Very good article with handy hints.

While recently in Cambodia, I bought 24 pack of bottled water. I’d carry a few around in my back pack each day. If I felt the tuk tuk driver was honest in his price and was friendly, along with the fare and tip, I’d give him a bottle of water.

I also gave bottles of water to people who were working hard like the two guys who were picking rubbish up off the streets in sweltering 35 degree weather and putting it in a push cart. The cart was full, and they were drenched in sweat. So I smiled and gave them a bottle of water each and they smiled back and were very thankful.

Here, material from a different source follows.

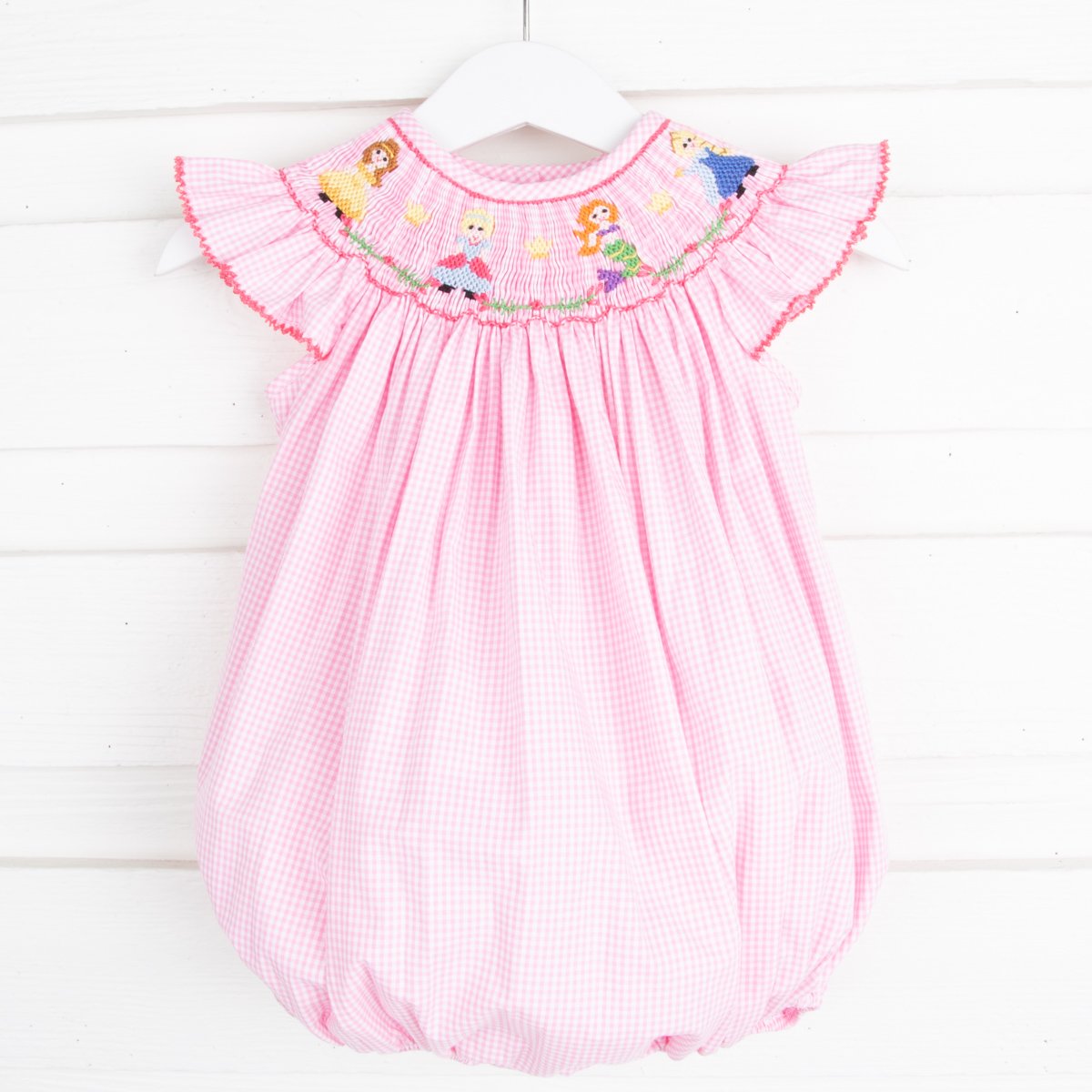 Princess Friends Smocked Bubble Pink Gingham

There was also a lady cutting the grass in a park, using just a pair of scissors. She had a long way to go, I hope the water helped her do her job that day.

It was my second time to Cambodia, I’m in love with that country and know I’ll be return again in the future.

Thanks for sharing your uplifting experience Steve. I suspect what these local people responded to most was your friendly engagement with them, your acknowledgement of their good and hard work and your smile. You recognised and appreciated their efforts.

Your intentions are obviously very kind-hearted, but one thing you might want to consider is not giving ‘things’, and preferably not bottled water for environmental reasons. It can be a tricky situation when we’re in developing countries, but when there’s a business transaction, like with the tuk tuk driver, a small tip is often greatly appreciated. And with the others…a good test of an action is the universal question: “What if everyone did this?” or “How would I feel if someone did this to me?” With the workers you passed, a smile and positive, encouraging body language speaks volumes.